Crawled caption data
<<<<

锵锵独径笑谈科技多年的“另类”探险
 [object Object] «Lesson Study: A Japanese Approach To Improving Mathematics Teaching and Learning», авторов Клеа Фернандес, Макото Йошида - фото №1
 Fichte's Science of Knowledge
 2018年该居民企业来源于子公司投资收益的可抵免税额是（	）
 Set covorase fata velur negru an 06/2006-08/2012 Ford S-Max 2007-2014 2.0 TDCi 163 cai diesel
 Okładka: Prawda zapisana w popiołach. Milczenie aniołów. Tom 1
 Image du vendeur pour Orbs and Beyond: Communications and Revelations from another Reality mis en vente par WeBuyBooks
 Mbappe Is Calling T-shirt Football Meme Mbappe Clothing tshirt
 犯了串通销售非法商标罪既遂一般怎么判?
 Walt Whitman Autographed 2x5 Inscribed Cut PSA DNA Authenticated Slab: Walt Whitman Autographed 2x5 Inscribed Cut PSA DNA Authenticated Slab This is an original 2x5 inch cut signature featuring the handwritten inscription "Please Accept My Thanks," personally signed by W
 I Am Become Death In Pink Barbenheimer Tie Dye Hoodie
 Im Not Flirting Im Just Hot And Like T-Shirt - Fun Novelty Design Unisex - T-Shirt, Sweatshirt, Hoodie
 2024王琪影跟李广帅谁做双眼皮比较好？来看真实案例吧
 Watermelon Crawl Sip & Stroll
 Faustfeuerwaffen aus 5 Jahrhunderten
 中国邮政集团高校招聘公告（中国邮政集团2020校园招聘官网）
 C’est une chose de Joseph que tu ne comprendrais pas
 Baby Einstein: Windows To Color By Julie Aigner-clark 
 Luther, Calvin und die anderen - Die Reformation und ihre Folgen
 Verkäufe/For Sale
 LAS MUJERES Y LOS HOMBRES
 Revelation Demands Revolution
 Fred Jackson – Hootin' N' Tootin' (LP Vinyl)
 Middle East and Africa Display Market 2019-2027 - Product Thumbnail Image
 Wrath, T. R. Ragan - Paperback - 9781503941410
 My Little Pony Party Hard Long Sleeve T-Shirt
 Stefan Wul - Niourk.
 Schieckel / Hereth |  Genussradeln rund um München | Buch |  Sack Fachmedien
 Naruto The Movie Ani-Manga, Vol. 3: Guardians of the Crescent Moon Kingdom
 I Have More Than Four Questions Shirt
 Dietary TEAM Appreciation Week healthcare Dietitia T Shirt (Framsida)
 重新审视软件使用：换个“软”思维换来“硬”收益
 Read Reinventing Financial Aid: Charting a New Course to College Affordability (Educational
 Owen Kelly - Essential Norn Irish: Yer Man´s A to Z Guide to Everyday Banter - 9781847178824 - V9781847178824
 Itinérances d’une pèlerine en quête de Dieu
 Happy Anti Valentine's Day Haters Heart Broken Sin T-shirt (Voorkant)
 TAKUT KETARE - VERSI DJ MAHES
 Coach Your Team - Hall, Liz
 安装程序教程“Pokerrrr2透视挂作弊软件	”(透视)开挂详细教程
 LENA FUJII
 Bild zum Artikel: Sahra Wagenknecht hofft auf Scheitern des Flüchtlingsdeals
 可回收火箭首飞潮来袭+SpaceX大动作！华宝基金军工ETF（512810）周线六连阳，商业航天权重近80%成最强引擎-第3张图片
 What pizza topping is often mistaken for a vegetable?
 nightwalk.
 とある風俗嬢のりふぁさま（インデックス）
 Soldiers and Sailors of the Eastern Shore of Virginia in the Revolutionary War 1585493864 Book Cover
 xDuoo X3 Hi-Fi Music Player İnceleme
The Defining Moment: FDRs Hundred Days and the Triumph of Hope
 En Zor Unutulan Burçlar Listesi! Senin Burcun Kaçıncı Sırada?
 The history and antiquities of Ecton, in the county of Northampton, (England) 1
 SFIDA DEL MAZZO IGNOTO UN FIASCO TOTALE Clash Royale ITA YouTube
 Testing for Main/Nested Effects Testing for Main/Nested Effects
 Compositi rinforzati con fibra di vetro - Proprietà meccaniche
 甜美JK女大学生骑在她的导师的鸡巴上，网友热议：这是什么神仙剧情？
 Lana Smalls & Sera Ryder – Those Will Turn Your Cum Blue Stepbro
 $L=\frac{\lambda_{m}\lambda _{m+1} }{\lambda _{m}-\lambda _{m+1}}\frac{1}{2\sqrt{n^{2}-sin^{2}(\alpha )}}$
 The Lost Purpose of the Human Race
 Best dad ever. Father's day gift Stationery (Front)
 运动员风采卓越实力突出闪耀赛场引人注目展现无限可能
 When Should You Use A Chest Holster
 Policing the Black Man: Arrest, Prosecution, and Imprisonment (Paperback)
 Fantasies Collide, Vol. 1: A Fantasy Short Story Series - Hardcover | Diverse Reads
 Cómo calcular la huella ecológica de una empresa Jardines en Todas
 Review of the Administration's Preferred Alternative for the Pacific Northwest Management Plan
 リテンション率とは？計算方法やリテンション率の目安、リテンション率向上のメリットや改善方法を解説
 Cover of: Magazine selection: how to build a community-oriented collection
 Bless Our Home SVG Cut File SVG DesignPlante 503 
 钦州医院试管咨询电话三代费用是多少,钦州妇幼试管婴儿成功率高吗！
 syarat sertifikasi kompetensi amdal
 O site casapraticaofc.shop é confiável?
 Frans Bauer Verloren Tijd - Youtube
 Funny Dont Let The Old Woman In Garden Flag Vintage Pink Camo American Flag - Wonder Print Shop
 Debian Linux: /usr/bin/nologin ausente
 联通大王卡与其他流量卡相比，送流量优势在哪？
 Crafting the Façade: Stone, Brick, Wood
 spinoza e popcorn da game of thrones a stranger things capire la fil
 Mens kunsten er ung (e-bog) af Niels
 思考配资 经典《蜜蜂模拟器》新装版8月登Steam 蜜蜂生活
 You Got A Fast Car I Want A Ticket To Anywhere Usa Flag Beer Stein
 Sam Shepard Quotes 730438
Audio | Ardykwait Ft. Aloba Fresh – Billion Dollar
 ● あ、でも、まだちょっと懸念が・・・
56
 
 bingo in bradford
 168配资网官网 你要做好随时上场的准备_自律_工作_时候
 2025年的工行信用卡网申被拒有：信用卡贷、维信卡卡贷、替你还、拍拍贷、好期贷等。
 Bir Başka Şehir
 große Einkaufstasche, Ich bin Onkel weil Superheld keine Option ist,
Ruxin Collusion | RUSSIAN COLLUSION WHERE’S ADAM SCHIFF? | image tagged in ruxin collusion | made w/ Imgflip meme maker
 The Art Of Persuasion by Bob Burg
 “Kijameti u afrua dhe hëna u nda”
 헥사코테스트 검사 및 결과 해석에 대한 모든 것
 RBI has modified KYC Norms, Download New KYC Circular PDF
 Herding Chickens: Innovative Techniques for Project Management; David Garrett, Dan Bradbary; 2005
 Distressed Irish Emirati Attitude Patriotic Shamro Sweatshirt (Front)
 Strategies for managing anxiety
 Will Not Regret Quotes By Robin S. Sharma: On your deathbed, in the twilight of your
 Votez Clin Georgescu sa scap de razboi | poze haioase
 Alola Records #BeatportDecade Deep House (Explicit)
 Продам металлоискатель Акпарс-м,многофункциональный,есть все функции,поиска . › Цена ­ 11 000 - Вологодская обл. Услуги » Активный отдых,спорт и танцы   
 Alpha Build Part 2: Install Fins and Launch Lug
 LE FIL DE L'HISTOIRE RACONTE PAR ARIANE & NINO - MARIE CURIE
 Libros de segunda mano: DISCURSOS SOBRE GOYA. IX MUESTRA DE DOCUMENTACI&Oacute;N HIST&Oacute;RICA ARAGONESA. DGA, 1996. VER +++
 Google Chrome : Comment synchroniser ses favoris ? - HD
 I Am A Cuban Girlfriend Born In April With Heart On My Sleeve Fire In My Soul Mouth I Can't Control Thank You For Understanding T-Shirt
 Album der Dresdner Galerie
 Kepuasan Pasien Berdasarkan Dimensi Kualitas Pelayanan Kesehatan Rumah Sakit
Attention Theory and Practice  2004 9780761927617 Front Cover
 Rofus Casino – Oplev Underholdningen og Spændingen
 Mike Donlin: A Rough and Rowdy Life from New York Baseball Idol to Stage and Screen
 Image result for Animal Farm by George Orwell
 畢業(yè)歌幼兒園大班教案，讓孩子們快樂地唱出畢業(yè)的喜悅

>>>>

[Your task]: Every line with "Management" in it should be copied from the entries.

[Solution for this problem]:
 Review of the Administration's Preferred Alternative for the Pacific Northwest Management Plan
 Herding Chickens: Innovative Techniques for Project Management; David Garrett, Dan Bradbary; 2005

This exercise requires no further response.